*YOUR ASSIGNMENT*. Your response is a verbatim copy of the listing, stripped of its images.

*SOURCE MATERIAL*.

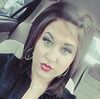 kristyncrow27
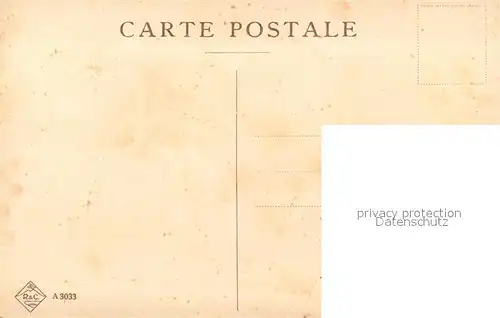 Pompei Casa dei Vettii Apollo Vincitore del Serpente Pitone Litho Pompei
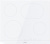 Варочная панель Gorenje ECT643WCSC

*RESPONSE AREA*.
 kristyncrow27
 Pompei Casa dei Vettii Apollo Vincitore del Serpente Pitone Litho Pompei
 Варочная панель Gorenje ECT643WCSC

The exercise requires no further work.